Между тем еще в 1966 году П. П. Громов, анализируя стихотворное послание А. Блока 'Вячеславу Иванову', дающее целостную концепцию творчества мэтра русских символистов - 'царя самодержавного', указал на 'поражающую своей внутренней близостью к Блоку стихотворную аналогию': '"Другой" в стихотворении Анненского - это, так же как и у Блока, человек цельности, широты, 'царственного' размаха, питающихся 'вьюгой', 'вихрями', стихийными началами жизни...' Отметив, что образу творчества 'Другого' у Анненского противопоставлен собственный поэтический кодекс ('Мой лучший сон - за тканью Андромаха'), Громов подчеркнул: 'Трагически-скорбный образ Андромахи тут несет примерно то же содержание, что блоковские формулы 'печальный, нищий, жесткий'; им противостоит 'дионисийская стихийность' игнорирующих трагизм реальной жизни 'синтетических' концепций'3. Исследователь прямо не утверждает, что в обличье 'Другого' выступает Вяч. Иванов, однако прослеженное им разительное сходство между адресатами стихотворений Анненского и Блока говорит само за себя.

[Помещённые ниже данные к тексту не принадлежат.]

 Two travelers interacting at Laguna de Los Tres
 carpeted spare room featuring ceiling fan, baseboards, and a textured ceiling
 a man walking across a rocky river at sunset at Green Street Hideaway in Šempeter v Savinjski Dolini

Вывод, к которому подводили наблюдения Громова, четко сформулировала И. В. Корецкая в статье о Вячеславе Иванове и Иннокентии Анненском4; одновременно с нею была опубликована статья Катрионы Келли, специально посвященная обоснованию тезиса о тождестве 'Другого' и Вяч. Иванова5.

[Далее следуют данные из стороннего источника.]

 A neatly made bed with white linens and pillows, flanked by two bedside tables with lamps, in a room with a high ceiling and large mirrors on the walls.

Среди аргументов, выдвинутых К. Келли и И. В. Корецкой, - указания на сугубо 'ивановские' специфические черты, составляющие творческий облик 'Другого': менады ('Твои мечты - менады по ночам'), отсылаю-

111

щие к одному из самых характерных для Иванова стихотворений (в самой первой фразе статьи Анненского 'О современном лиризме' обыгрывается этот образ, олицетворяющий у него всю символистскую поэзию, и далее весь ход размышлений автора о 'современной менаде' организуется вокруг цитат из стихотворения Иванова 'Скорбь нашла и смута на Мэнаду...')6; безумный порыв ('Я полюбил безумный твой порыв'), огонь ('Ты весь - огонь') - атрибуты 'дионисийских' вдохновений, питавших поэзию Иванова; богоподобие и торжествующее величие ('И бог ты там, где я лишь моралист', 'Ты - в лепестках душистого венца', 'Ты памятник оставишь по себе, / Незыблемый, хоть сладостно-воздушный...') - устойчивые мифопоэтические приметы образа мастера, нашедшие свое законченное воплощение в формуле 'Вячеслав Великолепный'.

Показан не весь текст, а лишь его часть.